SERANG – Kampus Merdeka yang diusung oleh Mendikbud
Nadiem Makariem menimbulkan pro-kontra di institusi Perguruan Tinggi.
Sebagian kampus masih menunggu realisasinya, sebagian mencoba
menerjemakan dan berusaha mengimplementasikan melalui perangkat dan
matakuliah yang relevan.
Farid Ibnu Wahid selaku Ketua Jurusan Pendidikan Bahasa Indonesia
(PBI) Fakultad Keguruan dan Ilmu Pendidikan (FKIP) Universitas Sultan
Ageng Tirtayasa (Untirta) menjelaskan bahwa ada beberapa matakuliah yang
cukup relevan untuk menerjemahkan Kampus Merdeka yang berorientasi pada
merdeka belajar bagi mahasiswa tersebut.
”Di Jurusan kami ada matakuliah Pembelajaran Literasi. Ini Matakuliah
baru yang merespons fenomena di masyarakat. Harapannya matakuliah ini
bisa mengajak mahasiswa untuk memahami realitas perkembangan literasi di
Indonesia baik secara konsep maupun praksis.”Farid juga menjelaskan bahwa matakuliah ini dikembangkan di Jurusan PBI
untuk menjadi bekal bagi mahasiswa yang notabene akan menjadi guru di
kemudian hari. “Silakan Anda searching setiap penelitian yang dilakukan
oleh lembaga terpercaya, bahwa Indonesia selalu berada pada peringkat
terrendah untuk urusan literasi.Terakhir pada tahun 2018, hasil
Programme for International Student Assesment (PISA) yang mengevaluasi
sistem pendidikan dengan mengukur kinerja siswa di pendidikan menengah
di bidang matematika, sains dan Kemampuan Membaca memposisikan Indonesia
di peringkat akhir. Dari 79 negara, Indonesia berada di peringkat ke-74
dengan skor 371. Bandingkan dengan Singapura yang kini berada di posisi
ke-2 dengan skor 549. Melihat kenyataan tersebut, kami sebagai LPTK
harus ikut terlibat dan bertanggungjawab,” ungkapnya.

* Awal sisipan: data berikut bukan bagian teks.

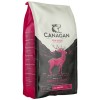 Crocchette Canagan cane Country Game con Selvaggina 12 kg (GRATIS SPEDIZIONE)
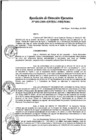 Vista preliminar de documento 80.pdf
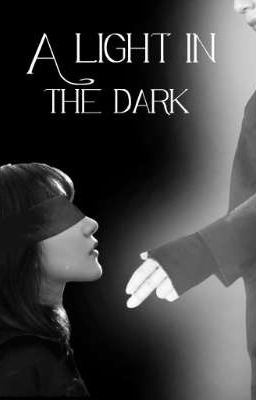 Свет во тьме...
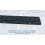 Πτυσσόμενο ασύρματο πληκτρολόγιο Bluetooth μίνι πληκτρολό 1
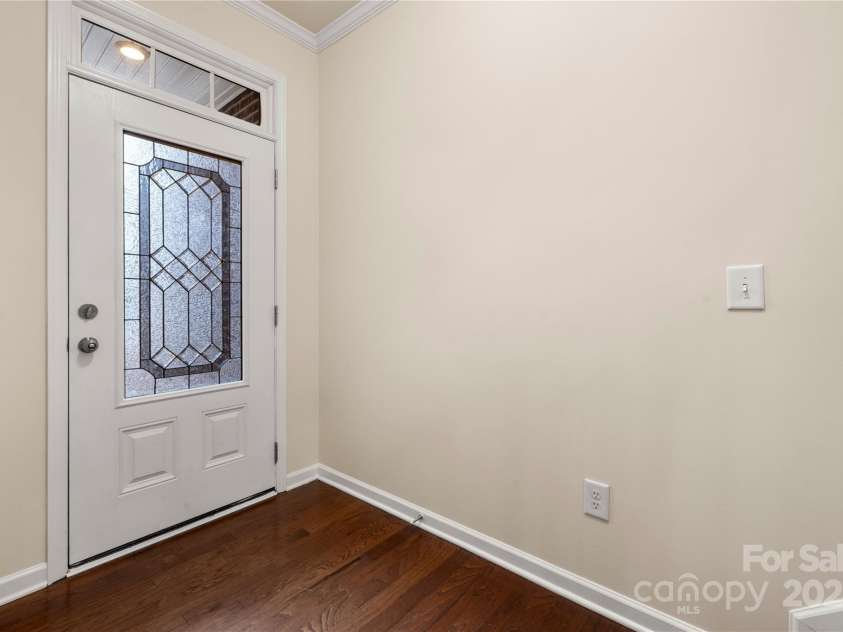 113 Burlingame Court, Mooresville, NC 28117.  MLS# CAR4228046, YatesRealty ID 4010. 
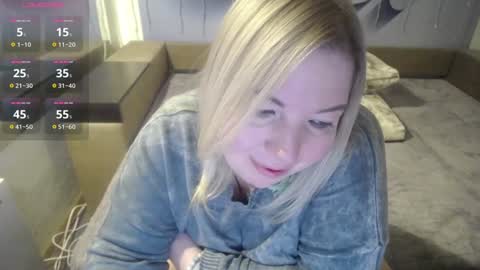 margaret gem online show from December 2, 2024, 8:55 pm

Firman Hadiansyah, yang dipercaya Jurusan PBI FKIP Untirta dalam
mengembangkan matakuliah Pembelajaran Literasi mencoba untuk meramunya
dalam silabus. “Ada dua peluang mengapa Pembelajaran Literasi penting
untuk menjadi matakuliah. Pertama, Mendikbud akan menghilangkan Ujian
Nasional menjadi asesmen literasi. Kedua, merespons problematika
literasi sebagai tanggungjawab akademisi.”
“Di dalam silabus yang saya buat, saya berusaha untuk memposisikan
mahasiswa sebagai pembelajar sekaligus penggerak. Di pertemuan awal,
mahasiswa akan dikenalkan dengan alur teori dan konsep serta
problematika literasi. Selanjutnya mahasiswa melakukan observasi ke
lapangan dan berinteraksi dengan para pegiat literasi dalam usahanya
untuk menemukenali ruang lingkup. Mereka akan mendapatkan ilmu
pengetahuan dari para pegiat literasi. Ini konsep “semua guru semua
murid”. Jadi mahasiswa belajar dari masyarakat sudah harus terjadi dalam
perkuliahan ini.”
Selanjutnya Firman menjelaskan langkah berikutnya. “Mereka akan
menuliskan profil pengelola TBM/ perpustakaan desa dalam bentuk esai dan
audio visual dan mempresentasikan di kelas masalah yang ditemui.
Setelah mendapatkan masukkan dari mahasiswa dan dosen, mereka kembali ke
lapangan untuk mengaplikasikan intervensi apa yang bisa dilaksanakan.
Jadi mahasiswa tidak hanya piawai dalam tataran teori, tapi bisa juga
memiliki skill menjadi volunteer workers,” ujarnya.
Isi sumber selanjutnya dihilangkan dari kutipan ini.